| WHAT IS REQUIRED |
Find every line below where the string "Vintage" shows up, and copy those lines.

| PROVIDED ENTRIES |
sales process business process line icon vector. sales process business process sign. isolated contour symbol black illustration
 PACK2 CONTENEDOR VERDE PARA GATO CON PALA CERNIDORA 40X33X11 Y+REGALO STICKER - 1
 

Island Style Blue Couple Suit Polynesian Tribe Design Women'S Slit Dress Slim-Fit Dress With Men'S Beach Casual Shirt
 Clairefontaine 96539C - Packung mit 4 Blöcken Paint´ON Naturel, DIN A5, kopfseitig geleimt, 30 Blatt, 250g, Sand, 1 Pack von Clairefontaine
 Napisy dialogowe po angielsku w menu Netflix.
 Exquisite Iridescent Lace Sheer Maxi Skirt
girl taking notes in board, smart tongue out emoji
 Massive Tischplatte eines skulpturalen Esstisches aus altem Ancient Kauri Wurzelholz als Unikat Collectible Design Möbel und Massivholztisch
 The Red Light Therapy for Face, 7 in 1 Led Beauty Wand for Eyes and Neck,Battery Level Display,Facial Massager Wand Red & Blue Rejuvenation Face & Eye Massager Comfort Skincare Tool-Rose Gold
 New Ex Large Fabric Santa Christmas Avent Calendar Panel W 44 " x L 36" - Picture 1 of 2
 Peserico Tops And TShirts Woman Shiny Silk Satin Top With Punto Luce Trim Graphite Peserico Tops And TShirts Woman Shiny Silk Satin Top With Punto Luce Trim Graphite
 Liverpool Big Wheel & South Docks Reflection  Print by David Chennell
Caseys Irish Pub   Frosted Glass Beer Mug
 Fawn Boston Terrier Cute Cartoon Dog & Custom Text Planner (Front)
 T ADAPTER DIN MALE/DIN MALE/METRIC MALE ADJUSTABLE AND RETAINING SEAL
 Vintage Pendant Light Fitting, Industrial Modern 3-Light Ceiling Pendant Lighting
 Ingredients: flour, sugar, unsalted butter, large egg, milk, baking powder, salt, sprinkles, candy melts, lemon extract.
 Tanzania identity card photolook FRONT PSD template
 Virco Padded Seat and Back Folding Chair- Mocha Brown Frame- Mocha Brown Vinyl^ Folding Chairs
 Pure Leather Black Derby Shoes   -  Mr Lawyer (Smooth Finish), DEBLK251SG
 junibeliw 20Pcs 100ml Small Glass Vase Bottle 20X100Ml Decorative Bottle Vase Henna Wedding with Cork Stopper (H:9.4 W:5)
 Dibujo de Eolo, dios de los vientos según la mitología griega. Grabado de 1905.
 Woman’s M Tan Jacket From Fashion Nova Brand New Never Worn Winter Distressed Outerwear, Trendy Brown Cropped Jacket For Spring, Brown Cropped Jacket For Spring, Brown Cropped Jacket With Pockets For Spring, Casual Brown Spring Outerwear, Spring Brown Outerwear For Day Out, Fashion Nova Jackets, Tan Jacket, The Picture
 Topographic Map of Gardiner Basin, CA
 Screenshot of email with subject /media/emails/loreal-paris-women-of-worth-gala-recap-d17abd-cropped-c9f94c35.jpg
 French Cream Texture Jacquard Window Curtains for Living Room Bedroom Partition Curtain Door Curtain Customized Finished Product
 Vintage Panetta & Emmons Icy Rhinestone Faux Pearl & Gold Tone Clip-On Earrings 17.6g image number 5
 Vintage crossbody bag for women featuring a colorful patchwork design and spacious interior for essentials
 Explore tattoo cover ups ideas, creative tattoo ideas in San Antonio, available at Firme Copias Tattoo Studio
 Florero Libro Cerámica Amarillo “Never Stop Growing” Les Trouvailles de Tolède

| RESULT BELOW |
 Vintage Pendant Light Fitting, Industrial Modern 3-Light Ceiling Pendant Lighting
 Vintage Panetta & Emmons Icy Rhinestone Faux Pearl & Gold Tone Clip-On Earrings 17.6g image number 5
 Vintage crossbody bag for women featuring a colorful patchwork design and spacious interior for essentials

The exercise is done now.